Clarissa hanya menganggukkan kepalanya, begitupula dengan Abiyasa, Morgan dan Dokter Roni beserta Pak Sahrul serta istrinya mereka hanya mengangguk dan memahami akan kata-kata dari Lia.
" Gimana sekarang apakah kita langsung berangkat saja?" tanya Abiyasa.
" Ya sudah kalau seperti itu, sepertinya mereka sudah menunggu kita." ucap Clarissa.
Kemudian Clarissa mengajak Lia dan Pak Sahrul menuju ke mobil yang sudah berada di depan rumah Clarissa, setelah Clarissa berpamitan dan mengatakan kepada Asisten rumah tangganya itu, Dia langsung keluar dan mengikuti langkah Abiyasa menuju kearah mobilnya.

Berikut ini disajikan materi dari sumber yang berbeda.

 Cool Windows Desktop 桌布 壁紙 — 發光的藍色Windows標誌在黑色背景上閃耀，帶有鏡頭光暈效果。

Setelah mereka memasuki mobil tersebut mereka langsung meninggalkan rumah Clarissa, menuju ke arah rumah Abiyasa, karena jalanan sudah sangat terlihat ramai dengan aktivitas para pejalan yang selalu hilir mudik di jalanan membuat sedikit macet jalanan tersebut. Tapi karena Abiyasa dan Morgan mengetahui jalan pintas merekapun kemudian melajukan mobil mereka itu menuju jalan pintas, agar segera sampai menuju ke rumah Abiyasa, karena keluarganya sudah menunggu kedatangan mereka.